On 9/22/2015 1:45 AM, Philippe Verdy wrote:
I would not use the "clumsy 7-bit ASCII" due to the confusion created since long when it could refer to any national version of ISO 646, which reassign some code positions in the rande 0x00 to 0x07F to other characters outside the range U+0000 to U+007F, while still remaining 7-bit encodings. So insead of "7-bit ASCII" I highly prefer the term "US-ASCII" to make sure it refers to the encoding of 7-bit code positions effectively to U+0000..U+007F.

So for code positions outside 0x00..0x7F, I would call them "not US-ASCII" (none of them are bound to any Unicode "character" or "code point" or "scalar value", they are just "code positions" or more precisely "octet values with their most significant bit set to 1" which is really long: "not US-ASCII" is fine as a shorter term).

Again having just read through ANSI X3.4-1986 (R1997), I would like to clarify some things.

The standard itself is titled:
American National Standard for Information Systems - Coded Character Sets - 7-Bit American National Standard Code for Information Interchange (7-Bit ASCII)

However, Clause 1.1 states:
This standard specifies a set of 128 characters (control characters and graphic characters, such as letters, digits, and symbols) with their coded representation. The American National Standard Code for Information Interchange may also be identified by the acronym ASCII (pronounced ask-ee).
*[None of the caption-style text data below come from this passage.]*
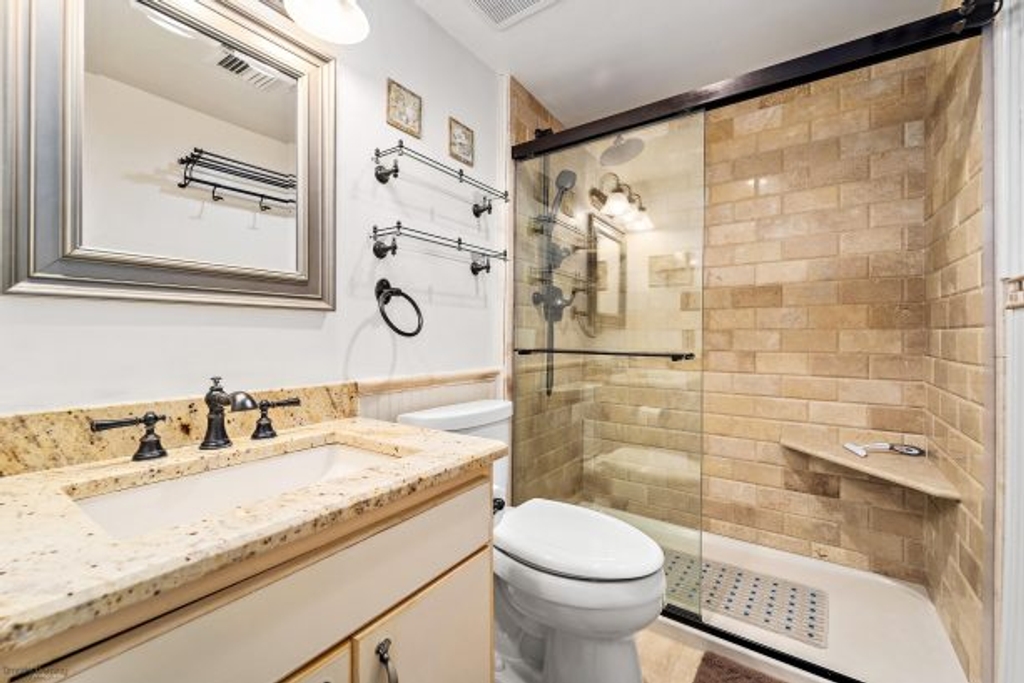 Tiled Bathroom w/Moen Polished Brass Fixtures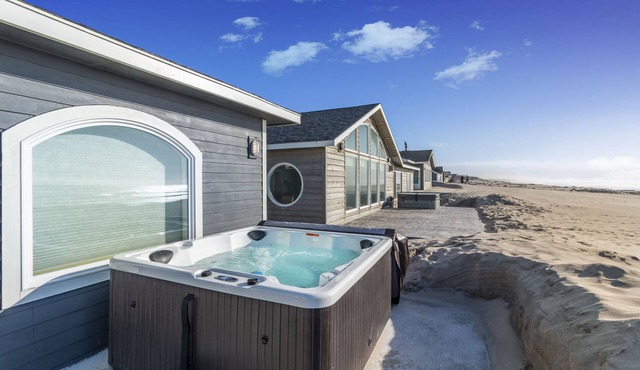 Enjoy surf or sunset in the Hot Tub at this Beachfront Home in a Gated Community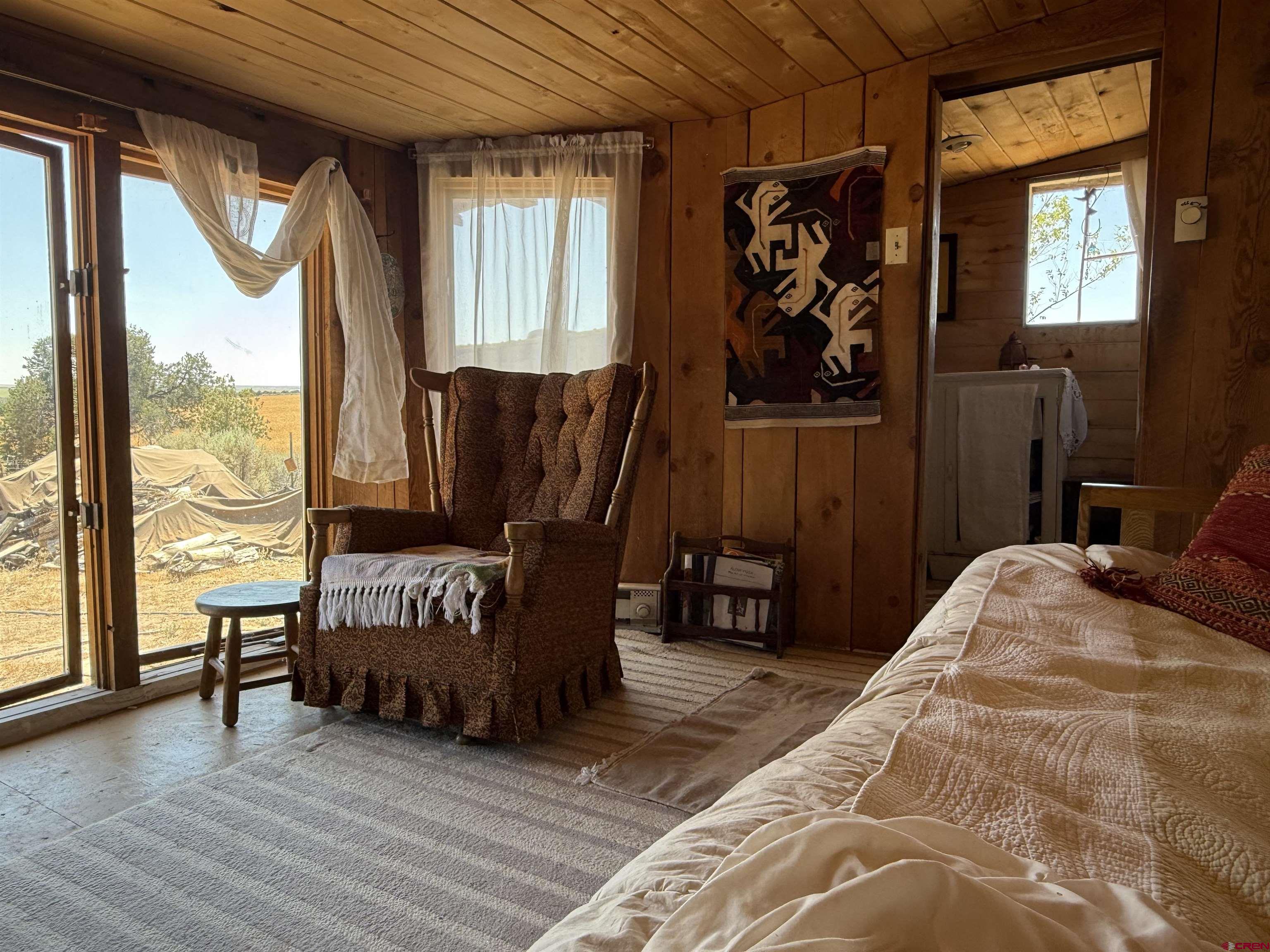 12730 Rd R Cahone, CO 81320 - Photo 11 of 34 a bed sitting in a bedroom next to a window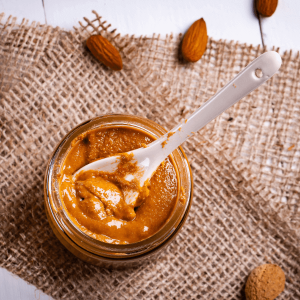 Almond Butter in a jar with a spoon inserted sitting on burlap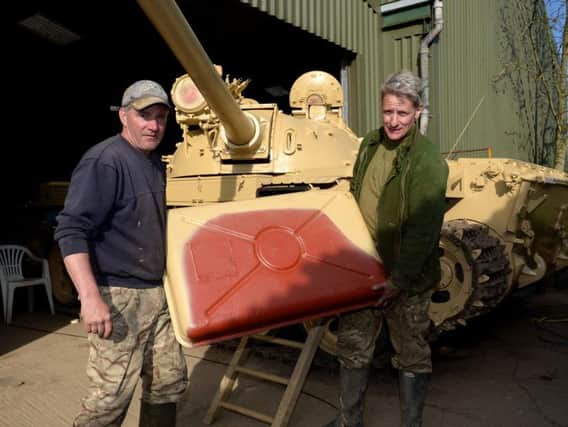 Gold ingots were found in this Iraqi tank at Tanks a Lot, Helmdon. Todd Chamberlain, left and Nick Mead, right, with the auxiliary fuel tank they were found in.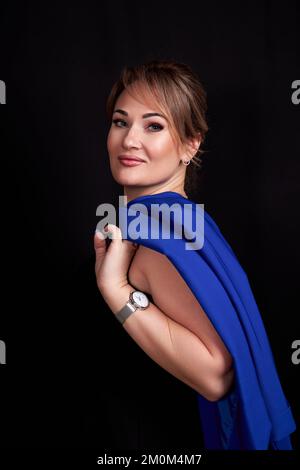 une femme adulte caucasienne a jeté une veste bleue sur ses épaules sur un fond noir. Photo de haute qualité Banque D'Images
To explicitly designate a particular (perhaps prior) edition of this standard, the last two digits of the year of issue may be appended, as in "ASCII 68" or "ASCII 86".


According to the title, "7-Bit ASCII" is proper. However, according to the text, "ASCII" is sufficient. The "7-Bit" part really just emphasizes the fact that it is a 7-bit standard. The eighth bit is outside the scope of the standard (but see clause 2.1.1). (Incidentally, Clause 1.1 is not Y2K compliant! Thus you should '86 that part of ASCII 86...hehe)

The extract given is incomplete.